▶ DATA SHOWN:
· · · · · · ·

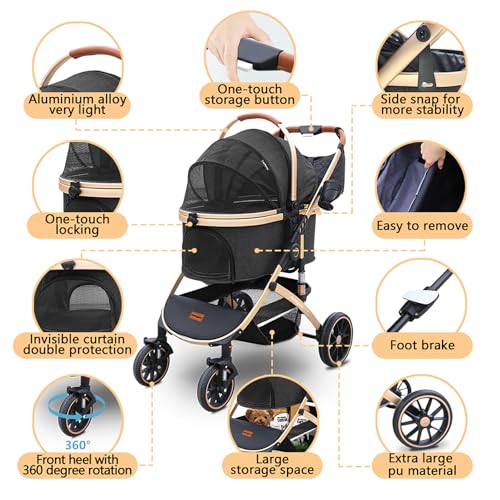 Dog Stroller with Removable Carrier Foldable Pet Stroller (Black)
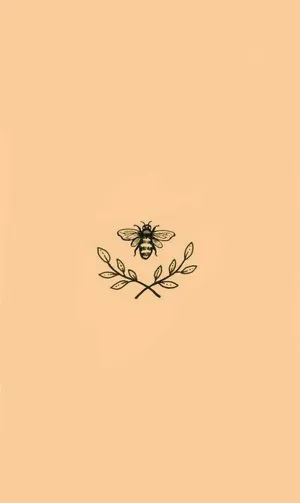 Vintage Beeand Laurel Branch Illustration Wallpaper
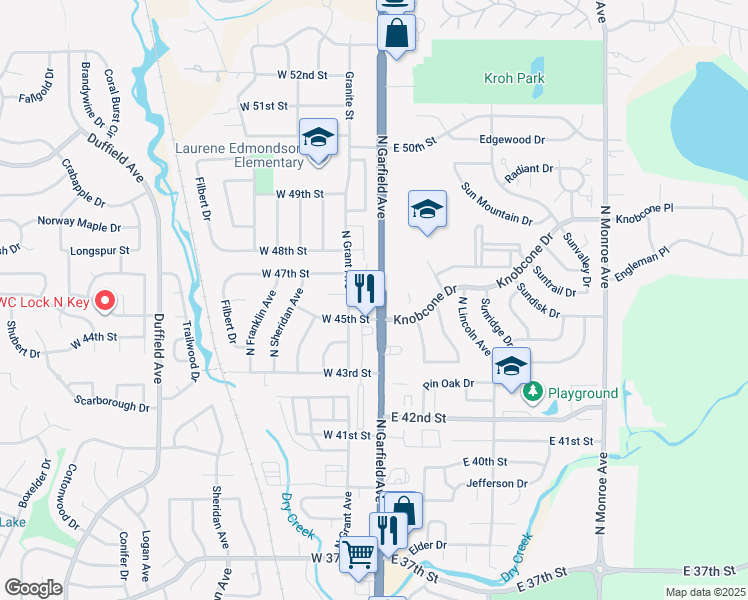 map of restaurants, bars, coffee shops, grocery stores, and more near 115 West 45th Street in Loveland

· · · · · · ·

▶ TO DO:
The answer is to be the lines from the line that contains "Vintage Beeand Laurel" through the last line of the material, retyped exactly, both included, with pictures left out, please.

▶ SOLUTION TO THIS PROBLEM:
 Vintage Beeand Laurel Branch Illustration Wallpaper
 map of restaurants, bars, coffee shops, grocery stores, and more near 115 West 45th Street in Loveland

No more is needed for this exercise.